* **Instructions to follow**
An exact reproduction of the listing is wanted, with the pictures dropped.

BEGIN Given information

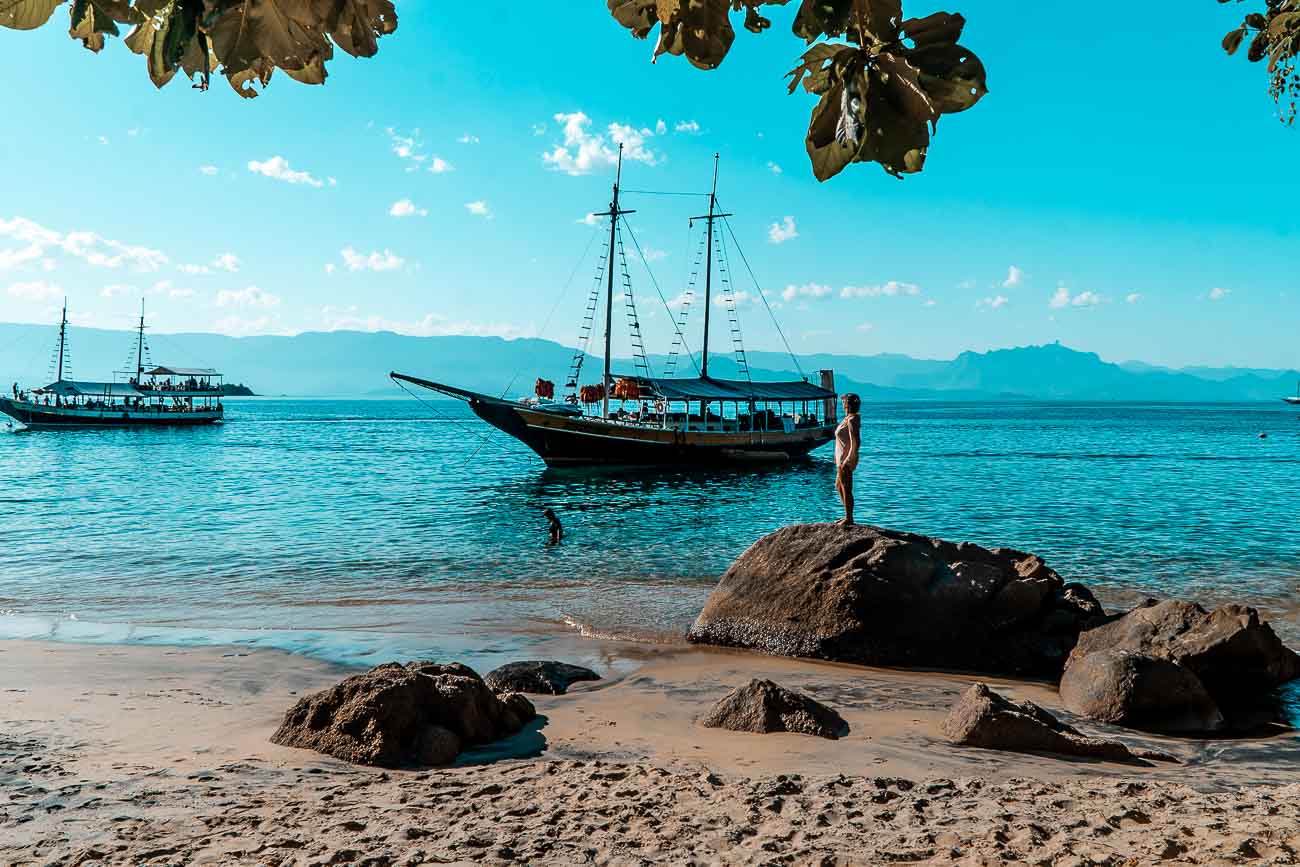 Melhores praias de Paraty - Escuna Praia Vermelha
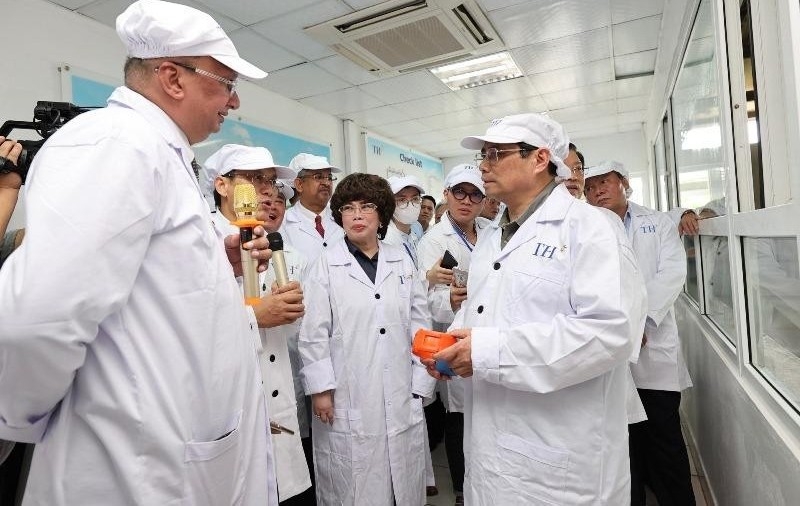 PM Pham Minh Chinh visits TH dairy producing system. (Photo: NDO).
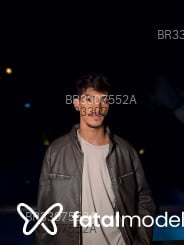 Acompanhante Klayon - Perfil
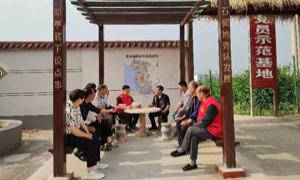 凉亭聚谈“家长里短” 驿站共谋“民生实事”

END Given information

* **Solution for this task**
 Melhores praias de Paraty - Escuna Praia Vermelha
 PM Pham Minh Chinh visits TH dairy producing system. (Photo: NDO).
 Acompanhante Klayon - Perfil
 凉亭聚谈“家长里短” 驿站共谋“民生实事”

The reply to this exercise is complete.